__What the exercise asks__.
Return the entries below precisely, omitting nothing.

◆ ◆ ◆ ◆

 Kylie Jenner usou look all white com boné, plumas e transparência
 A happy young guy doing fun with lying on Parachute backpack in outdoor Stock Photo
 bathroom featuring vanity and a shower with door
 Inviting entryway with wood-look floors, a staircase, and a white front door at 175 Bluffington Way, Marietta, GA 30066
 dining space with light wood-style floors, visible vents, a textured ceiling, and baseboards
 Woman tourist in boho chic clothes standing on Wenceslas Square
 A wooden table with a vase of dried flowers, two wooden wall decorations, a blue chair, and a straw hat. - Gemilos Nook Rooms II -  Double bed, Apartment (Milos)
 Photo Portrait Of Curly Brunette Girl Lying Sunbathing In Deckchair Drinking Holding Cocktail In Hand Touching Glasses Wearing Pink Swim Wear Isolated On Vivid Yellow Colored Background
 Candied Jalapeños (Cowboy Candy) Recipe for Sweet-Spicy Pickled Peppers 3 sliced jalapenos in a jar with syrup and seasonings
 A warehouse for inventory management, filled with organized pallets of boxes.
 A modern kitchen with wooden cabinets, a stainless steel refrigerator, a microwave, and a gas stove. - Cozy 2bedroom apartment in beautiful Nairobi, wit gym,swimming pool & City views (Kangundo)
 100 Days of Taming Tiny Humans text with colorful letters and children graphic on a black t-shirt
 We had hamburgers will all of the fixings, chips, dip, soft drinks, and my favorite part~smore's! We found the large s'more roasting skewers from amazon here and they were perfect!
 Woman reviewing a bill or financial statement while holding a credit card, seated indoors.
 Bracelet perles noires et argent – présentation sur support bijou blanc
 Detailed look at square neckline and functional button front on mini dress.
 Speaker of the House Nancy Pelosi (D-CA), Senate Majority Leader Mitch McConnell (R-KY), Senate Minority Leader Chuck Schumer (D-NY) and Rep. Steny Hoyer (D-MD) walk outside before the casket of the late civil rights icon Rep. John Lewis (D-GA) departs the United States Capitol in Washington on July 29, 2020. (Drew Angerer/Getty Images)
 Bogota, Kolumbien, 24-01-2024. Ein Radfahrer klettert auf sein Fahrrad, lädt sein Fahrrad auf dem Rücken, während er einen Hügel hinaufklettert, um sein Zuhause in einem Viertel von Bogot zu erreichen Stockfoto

◆ ◆ ◆ ◆

__Task solution__.
 Kylie Jenner usou look all white com boné, plumas e transparência
 A happy young guy doing fun with lying on Parachute backpack in outdoor Stock Photo
 bathroom featuring vanity and a shower with door
 Inviting entryway with wood-look floors, a staircase, and a white front door at 175 Bluffington Way, Marietta, GA 30066
 dining space with light wood-style floors, visible vents, a textured ceiling, and baseboards
 Woman tourist in boho chic clothes standing on Wenceslas Square
 A wooden table with a vase of dried flowers, two wooden wall decorations, a blue chair, and a straw hat. - Gemilos Nook Rooms II -  Double bed, Apartment (Milos)
 Photo Portrait Of Curly Brunette Girl Lying Sunbathing In Deckchair Drinking Holding Cocktail In Hand Touching Glasses Wearing Pink Swim Wear Isolated On Vivid Yellow Colored Background
 Candied Jalapeños (Cowboy Candy) Recipe for Sweet-Spicy Pickled Peppers 3 sliced jalapenos in a jar with syrup and seasonings
 A warehouse for inventory management, filled with organized pallets of boxes.
 A modern kitchen with wooden cabinets, a stainless steel refrigerator, a microwave, and a gas stove. - Cozy 2bedroom apartment in beautiful Nairobi, wit gym,swimming pool & City views (Kangundo)
 100 Days of Taming Tiny Humans text with colorful letters and children graphic on a black t-shirt
 We had hamburgers will all of the fixings, chips, dip, soft drinks, and my favorite part~smore's! We found the large s'more roasting skewers from amazon here and they were perfect!
 Woman reviewing a bill or financial statement while holding a credit card, seated indoors.
 Bracelet perles noires et argent – présentation sur support bijou blanc
 Detailed look at square neckline and functional button front on mini dress.
 Speaker of the House Nancy Pelosi (D-CA), Senate Majority Leader Mitch McConnell (R-KY), Senate Minority Leader Chuck Schumer (D-NY) and Rep. Steny Hoyer (D-MD) walk outside before the casket of the late civil rights icon Rep. John Lewis (D-GA) departs the United States Capitol in Washington on July 29, 2020. (Drew Angerer/Getty Images)
 Bogota, Kolumbien, 24-01-2024. Ein Radfahrer klettert auf sein Fahrrad, lädt sein Fahrrad auf dem Rücken, während er einen Hügel hinaufklettert, um sein Zuhause in einem Viertel von Bogot zu erreichen Stockfoto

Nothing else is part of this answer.